Eine wichtige Innovation – die auch von Nippon Steel verwendet wird – war der Elektrolichtbogenofen, der Schrott als Rohmaterial verwendet, elektrisch betrieben wird, bei Bedarf ausgeschaltet werden kann und nur wenig Arbeit erfordert. Aber US Steel betreibt immer noch teurere, ältere und arbeitsintensivere Hochöfen, die mit Eisenerz und Kohle bestückt werden.

Daher sind die Kosten für US Steel – sogar verglichen mit anderen amerikanischen Herstellern – besonders hoch. Bereits seit den 1970ern verliert der Konzern stetig nationale und globale Marktanteile: Er fiel vom achten Platz im Jahr 2008 auf den 27sten Platz im Jahr 2022 zurück – und war der am wenigsten profitable der großen US-Stahlhersteller.

Die Übernahme von US Steel durch Nippon Steel – und die damit verbundene technologische Aufrüstung – kann diesen Niedergang rückgängig machen. Glaubt man den vertraglichen Details, wird der Zusammenschluss höchstwahrscheinlich die Produktivität der US-Stahlindustrie erhöhen und so die Stahlpreise senken. Dadurch wird der Anreiz für Stahlimporte sinken, und die amerikanischen Hersteller von Waren wie Kühlschränken oder Autos können ihre Kosten senken und so wettbewerbsfähiger werden. All dies wird den Produktionssektor und die technologische Basis der USA stärken und gewährleisten, dass im Land auch weiterhin „gute Arbeitsplätze“ vorhanden sind und vielleicht sogar neu geschaffen werden.
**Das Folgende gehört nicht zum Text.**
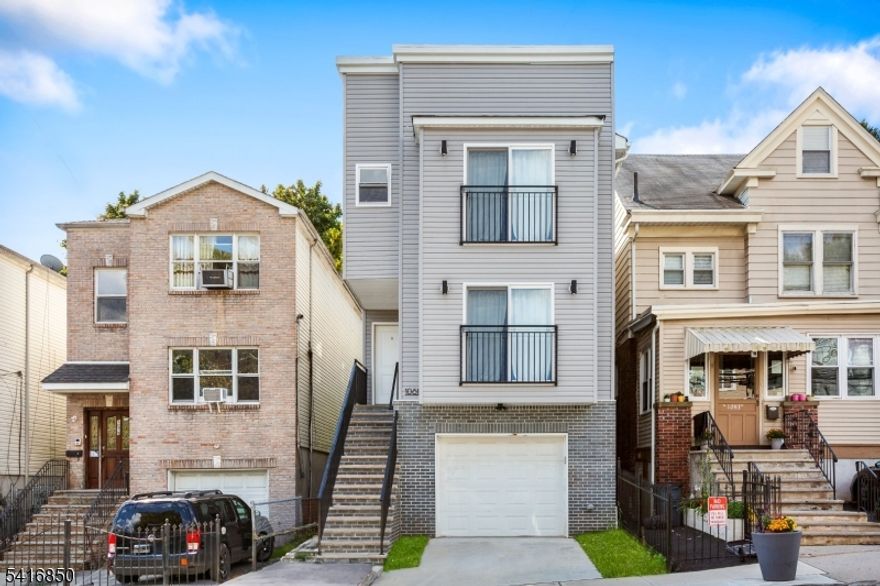 Experience this modern 2-Story home with garage in prime urban location! Welcome to this contemporary, low-maintenance home featuring a sleek exterior and thoughtful design. The property offers total of 8 bedrooms and 5 bathrooms with a private driveway leading to a built-in garage, providing convenient off-street parking. The elevated main entrance sits atop a wide staircase, adding privacy and enhancing curb appeal. Inside, the home boasts multiple levels of living space highlighted by large sliding glass doors with Juliet balconies that bring in abundant natural light. The modern facade includes clean lines, stylish gray siding, and brick accents on the lower level for a polished look. This property is ideal for homeowners or investors seeking a modern residence in a centrally located neighborhood near shops, transportation, and local amenities. Move-in ready and designed for easy living, this home offers the perfect blend of style, comfort, and convenience. Don't miss out on this exceptional opportunity!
Nicht viele große Vereinbarungen zwischen Konzernen stehen mit allen drei großen wirtschaftspolitischen Zielen Bidens in Einklang. Alle Amerikaner – einschließlich der Stahlarbeiter – sollten sich über diese Übernahme freuen. Sie bietet eine echte Gelegenheit, den Niedergang von US Steel rückgängig zu machen und die Aussichten der US-Stahlindustrie insgesamt zu verbessern. Die Alternative ist ernüchternd: Wird der Firmenkauf nicht genehmigt, wird die US-Stahlindustrie weiterhin von Schutzzöllen abhängig bleiben – und andere US-Industriebereiche werden weiter an Wettbewerbsfähigkeit verlieren, da sie gezwungen sind, höhere Stahlpreise zu zahlen.
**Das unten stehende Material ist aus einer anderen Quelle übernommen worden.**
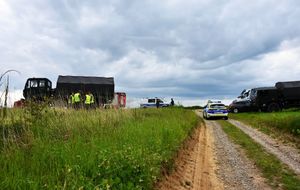 Droga polna. W tle radiowóz oraz samochód wojakowy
Außerdem werden es sich ausländische Akteure dann zweimal überlegen, in den USA produktive Investitionen zu tätigen. Wenn ein japanisches Unternehmen keine Produktionsstätten in Amerika besitzen darf – obwohl es moderne Technologien einführt sowie die Arbeiter und Anlagen weiter beschäftigt, ohne die nationale und wirtschaftliche Sicherheit der USA zu gefährden –, kann dann überhaupt eine ausländische Firma irgend etwas auf amerikanischem Boden produzieren?